::: PROVIDED RECORDS :::

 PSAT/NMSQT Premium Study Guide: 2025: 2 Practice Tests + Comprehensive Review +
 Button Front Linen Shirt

:::
::: PROVIDED RECORDS :::

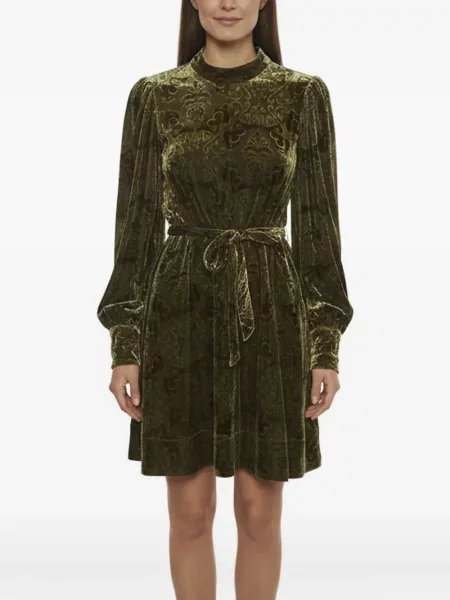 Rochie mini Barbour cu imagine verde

:::

HOW TO COMPLETE THIS TASK: Look above for the line holding "PSAT/NMSQT Premium Study", then set down exactly that line and every line after it up to and including the line holding "Button Front Linen Shirt", with nothing else.

OUTPUT BELOW:
 PSAT/NMSQT Premium Study Guide: 2025: 2 Practice Tests + Comprehensive Review +
 Button Front Linen Shirt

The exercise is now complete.